473,403 Members | 2,293 Online
Bytes | Software Development & Data Engineering Community
Post Job

Home Posts Topics Members FAQ

Join Bytes to post your question to a community of 473,403 software developers and data experts.

Stratified random sampling with random_shuffle ?

Dear cpp-ians,

I want to apply a stratified sampling on an image. Following simplified
example will explain my problem.

The original image I with nrows and ncols is now a vector V of length
(nrow x ncol) and every element of the vector contians its pixel value.

vector float V [nrow * ncol] ;

This means that:
- the first ncol elements = first row of my image
- the elements between ncol and 2*ncol = the second row of my image
and so on ...

Now I want to select a stratified pixel of this vector and sample every
pixel till all pixels are sampled once. In the image it would
correspond to divide my image into small blocks and take a pixel of
each block iteratively till all pixels are done.

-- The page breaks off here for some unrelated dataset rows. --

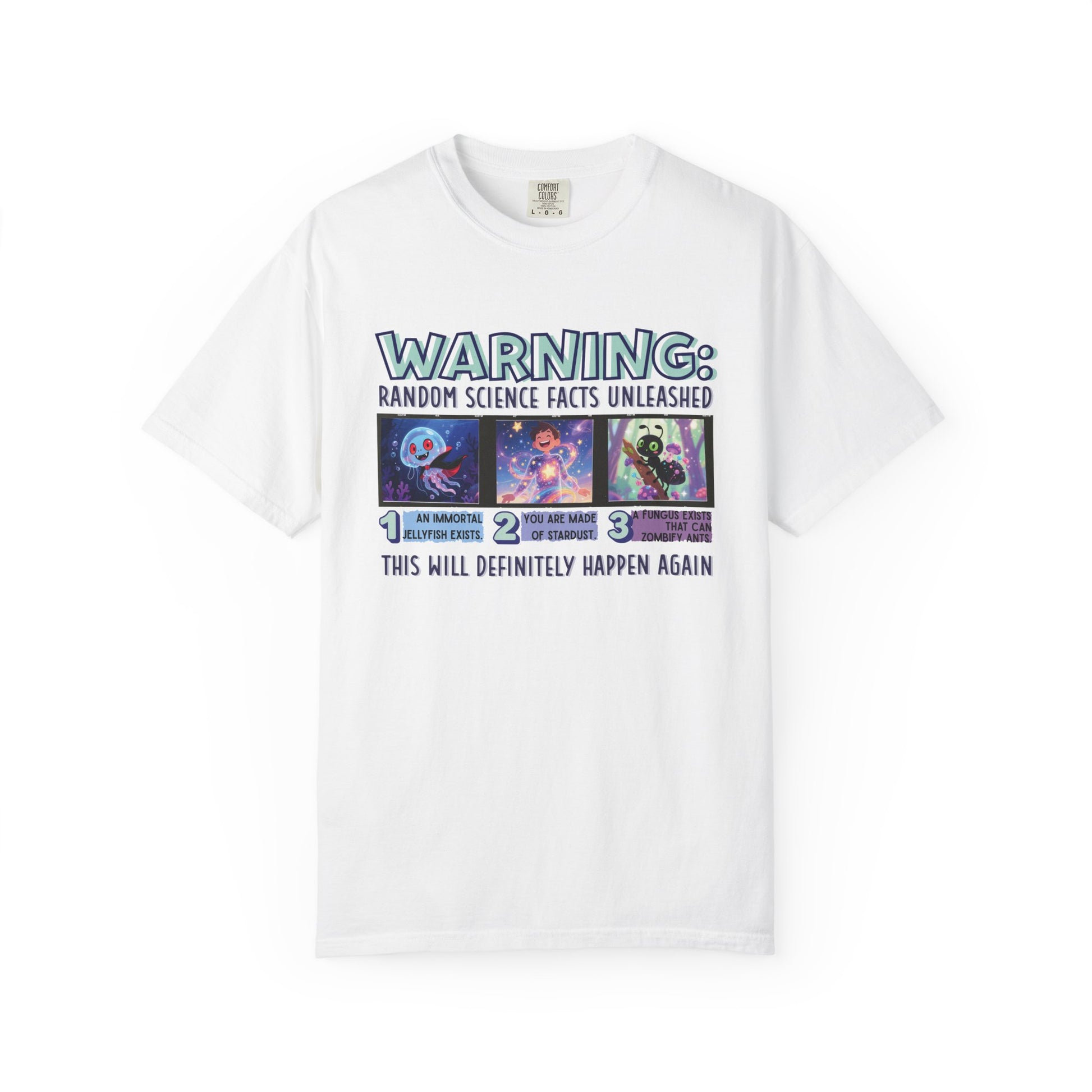 Random Science Facts Tee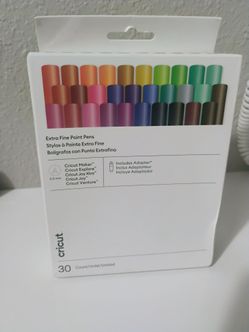 Cricut Extra Fine Point Pens 30-Pack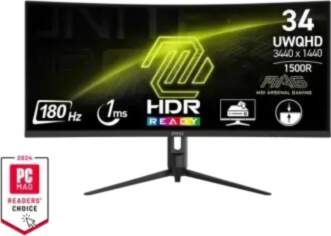 MSI MAG 342CQR E2 computer monitor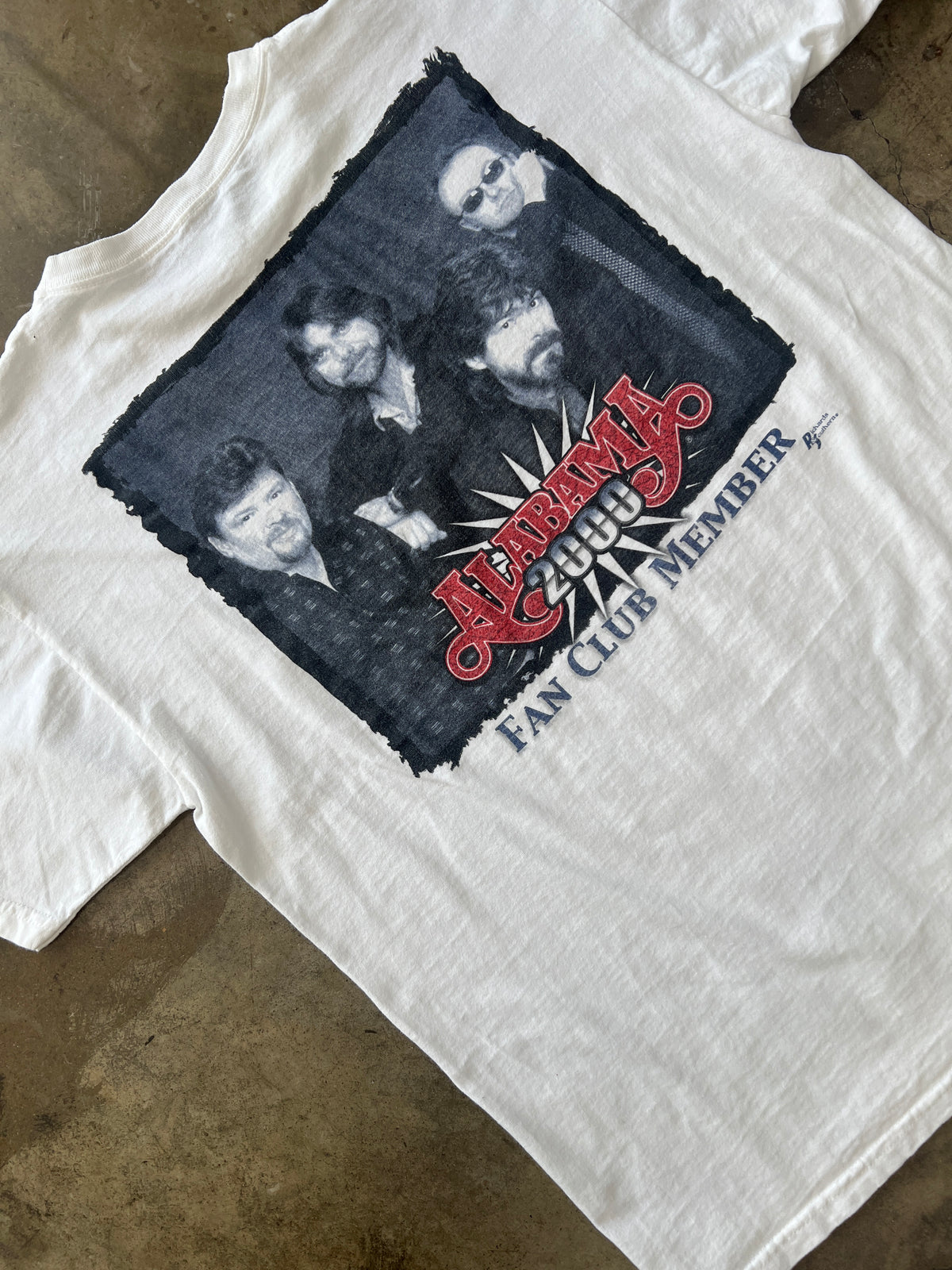 Alabama Portrait Band Tee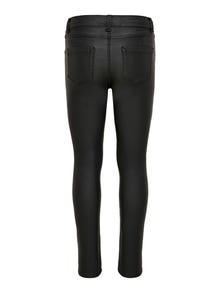 ONLY Coated Trousers -Black - 15210750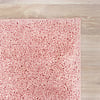 Hoogpolig vloerkleed - Lofty Roze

If I random_shuffle my vector and start at the beginning V till the end
I perform a random sampling, but I now want to add a certain order in
it so it corresponds to stratified random sampling. Is there anyone
with ideas on how I should do this?

Thanx in advance and kind regards,
Stef

Jul 23 '05 #1
1 4696
On 14 Apr 2005 02:55:06 -0700, "steflhermitte"
<st***************@agr.kuleuven.ac.be> wrote:
Dear cpp-ians,
[...]The original image I with nrows and ncols is now a vector V of length
(nrow x ncol) and every element of the vector contians its pixel value.

vector float V [nrow * ncol] ;
[...]Now I want to select a stratified pixel of this vector and sample every
pixel till all pixels are sampled once. In the image it would
correspond to divide my image into small blocks and take a pixel of
each block iteratively till all pixels are done.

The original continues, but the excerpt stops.